(Saved entries)

________________

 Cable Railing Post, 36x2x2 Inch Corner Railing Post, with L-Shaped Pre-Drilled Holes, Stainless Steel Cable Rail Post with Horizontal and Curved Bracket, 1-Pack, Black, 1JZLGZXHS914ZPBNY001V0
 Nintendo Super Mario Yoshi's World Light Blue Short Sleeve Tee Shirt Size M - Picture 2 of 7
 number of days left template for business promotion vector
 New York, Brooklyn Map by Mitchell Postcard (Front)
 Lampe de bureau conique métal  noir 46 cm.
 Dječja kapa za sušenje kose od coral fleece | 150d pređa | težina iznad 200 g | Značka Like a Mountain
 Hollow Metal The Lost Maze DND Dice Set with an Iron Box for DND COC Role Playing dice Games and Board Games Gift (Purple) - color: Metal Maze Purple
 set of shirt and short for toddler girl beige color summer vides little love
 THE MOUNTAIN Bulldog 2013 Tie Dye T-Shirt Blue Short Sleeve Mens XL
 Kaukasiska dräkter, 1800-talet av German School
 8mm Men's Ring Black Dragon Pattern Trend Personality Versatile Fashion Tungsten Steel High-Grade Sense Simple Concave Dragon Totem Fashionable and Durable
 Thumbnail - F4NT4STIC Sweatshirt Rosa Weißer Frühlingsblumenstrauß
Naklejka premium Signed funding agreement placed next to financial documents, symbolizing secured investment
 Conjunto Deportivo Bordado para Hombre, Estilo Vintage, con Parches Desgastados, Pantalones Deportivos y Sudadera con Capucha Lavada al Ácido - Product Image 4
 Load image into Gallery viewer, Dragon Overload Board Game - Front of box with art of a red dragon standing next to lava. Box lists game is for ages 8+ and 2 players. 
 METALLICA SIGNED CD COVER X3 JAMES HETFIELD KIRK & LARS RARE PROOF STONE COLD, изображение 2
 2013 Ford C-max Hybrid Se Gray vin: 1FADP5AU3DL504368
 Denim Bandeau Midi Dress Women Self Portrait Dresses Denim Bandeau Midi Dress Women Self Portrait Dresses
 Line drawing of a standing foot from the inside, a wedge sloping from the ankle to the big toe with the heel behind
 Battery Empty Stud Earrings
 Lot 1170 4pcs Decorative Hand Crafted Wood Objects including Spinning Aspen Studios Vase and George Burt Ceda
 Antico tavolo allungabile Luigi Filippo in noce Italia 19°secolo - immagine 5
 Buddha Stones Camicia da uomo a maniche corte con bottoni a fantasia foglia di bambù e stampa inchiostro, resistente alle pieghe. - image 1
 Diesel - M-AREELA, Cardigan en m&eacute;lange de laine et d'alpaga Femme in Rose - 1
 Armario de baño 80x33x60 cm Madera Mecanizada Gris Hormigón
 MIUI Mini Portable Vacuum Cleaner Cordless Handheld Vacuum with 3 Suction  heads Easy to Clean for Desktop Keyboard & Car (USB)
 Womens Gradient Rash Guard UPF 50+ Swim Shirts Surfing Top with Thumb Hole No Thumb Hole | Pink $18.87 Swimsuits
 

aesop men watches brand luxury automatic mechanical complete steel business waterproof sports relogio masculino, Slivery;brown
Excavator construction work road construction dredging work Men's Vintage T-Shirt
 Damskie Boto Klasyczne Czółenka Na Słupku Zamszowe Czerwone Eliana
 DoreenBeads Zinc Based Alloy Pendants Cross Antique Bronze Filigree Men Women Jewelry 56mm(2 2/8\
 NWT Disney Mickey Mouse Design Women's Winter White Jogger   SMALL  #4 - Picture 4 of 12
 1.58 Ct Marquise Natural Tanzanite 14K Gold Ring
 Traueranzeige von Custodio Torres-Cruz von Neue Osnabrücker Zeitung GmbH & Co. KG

________________

— Task —
In the records above, the line with "Dječja kapa za" marks the start and the line with "Armario de baño" marks the end; copy that stretch exactly, both lines included, and nothing else.

— Exercise solution —
 Dječja kapa za sušenje kose od coral fleece | 150d pređa | težina iznad 200 g | Značka Like a Mountain
 Hollow Metal The Lost Maze DND Dice Set with an Iron Box for DND COC Role Playing dice Games and Board Games Gift (Purple) - color: Metal Maze Purple
 set of shirt and short for toddler girl beige color summer vides little love
 THE MOUNTAIN Bulldog 2013 Tie Dye T-Shirt Blue Short Sleeve Mens XL
 Kaukasiska dräkter, 1800-talet av German School
 8mm Men's Ring Black Dragon Pattern Trend Personality Versatile Fashion Tungsten Steel High-Grade Sense Simple Concave Dragon Totem Fashionable and Durable
 Thumbnail - F4NT4STIC Sweatshirt Rosa Weißer Frühlingsblumenstrauß
Naklejka premium Signed funding agreement placed next to financial documents, symbolizing secured investment
 Conjunto Deportivo Bordado para Hombre, Estilo Vintage, con Parches Desgastados, Pantalones Deportivos y Sudadera con Capucha Lavada al Ácido - Product Image 4
 Load image into Gallery viewer, Dragon Overload Board Game - Front of box with art of a red dragon standing next to lava. Box lists game is for ages 8+ and 2 players. 
 METALLICA SIGNED CD COVER X3 JAMES HETFIELD KIRK & LARS RARE PROOF STONE COLD, изображение 2
 2013 Ford C-max Hybrid Se Gray vin: 1FADP5AU3DL504368
 Denim Bandeau Midi Dress Women Self Portrait Dresses Denim Bandeau Midi Dress Women Self Portrait Dresses
 Line drawing of a standing foot from the inside, a wedge sloping from the ankle to the big toe with the heel behind
 Battery Empty Stud Earrings
 Lot 1170 4pcs Decorative Hand Crafted Wood Objects including Spinning Aspen Studios Vase and George Burt Ceda
 Antico tavolo allungabile Luigi Filippo in noce Italia 19°secolo - immagine 5
 Buddha Stones Camicia da uomo a maniche corte con bottoni a fantasia foglia di bambù e stampa inchiostro, resistente alle pieghe. - image 1
 Diesel - M-AREELA, Cardigan en m&eacute;lange de laine et d'alpaga Femme in Rose - 1
 Armario de baño 80x33x60 cm Madera Mecanizada Gris Hormigón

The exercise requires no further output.